Open thejoshwolfe opened 2 years ago

thejoshwolfe commented 2 years ago

I'm the creator of this game, and i still don't have an intuitive muscle memory for where orcs and centaurs are going to go when i'm diagonally 1 space away from them. this is a problem.

image

Ideas:

  1. Remember the last movement and keep going in that direction. This is how Necrodancer does it. This can apply to either:
    • a) only exact diagonals |dx| = |dy|, or
    • b) any diagonal whenever there isn't a straight shot. (This is how Necrodancer does it.)
  2. Prefer some cardinal direction, such as east/west before north/south. This has the advantage of being stateless, but would be the first time that the universe is not rotationally symmetrical. I'm also skeptical that this would work very well; it may result in lots of "sumo conflicts" > < where individuals bounce off each other and both fail to move.
  3. :-1: Literally random. I don't like this idea, because anticipating enemy behavior is supposed to be part of the skill expression of this game. Important randomness like this also has an unfortunate interaction with undo/redo where the player can grind an exploration of the rng seed to find a favorable outcome. grinding is bad.
  4. Alternate between x and y. This has all the problems of (1), and is probably hard to understand, which defeats the purpose of this brainstorming.

The biggest drawback to what is probably the best option (1) is that it requires storing state for each individual. From a technical perspective, this isn't too concerning, and some technical solution will be needed once friendliness/hostility is determined statefully #32 . The problem I see with this kind of state is the interface.

Should the player be expected to remember the state? That works great for Crypt of the Necrodancer when your memory only needs to last for about 0.5 seconds, but in Swarkland you can rewind to a previous state you were looking at several minutes ago, and there's no reasonable expectation of remembering that.

Should the UI show little arrows where it expects enemies will move? This could work, but there's a slippery slope where the client could literally call the AI functions and give you a warning if you're going to make a move that will get you stabbed. An AI playing the game is a planned usecase, but not for the player GUI.

Perhaps the UI can show little arrows representing the individuals last movement. :thinking: A related planned feature is a button to replay the last turn's animations. Maybe that's all we need to make the stateful AI intuitive.

Regarding 1.a vs 1.b: this seems like a good candidate for depending on the individuals strategic intelligence. Centaurs should prefer to line up long range shots (as they do now), and rats should just barrel forward with whatever "momentum" they already have as long as that continues to reduce the orthogonal distance. And it's pretty obvious that rhinos or any other creature with a "facing direction" should prefer not to turn, and should prefer to turn 90 degrees over 180 degrees.
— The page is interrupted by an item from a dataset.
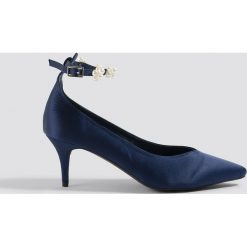 NA-KD Shoes Czółenka z paskiem z perłami - Blue. Niebieskie czółenka damskie NA-KD Shoes, w paski, z satyny, bez obcasa. W wyprzedaży za 48,78 zł.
This all interacts with another planned feature (soon:tm:) which is actual pathfinding. We want the pathfinding to be able to walk around lava pools/trees/walls, and we also want individuals to remember where you were and pursue that spot when you go out of view. The question in this discussion is mainly for resolving "ties" in the pathfinding when the distance is the same and there's no clear reason to prefer one route over another (such as in the above screenshot).

Another issue with (1) is that it doesn't solve the case of making the first move. If there's no "momentum", then it can't be used to resolve ties. Given that the first move will usually happen far away from the player's character, it's less important for it to be intuitive. A reasonable solution is to initialize every individuals momentum to a random value at world creation.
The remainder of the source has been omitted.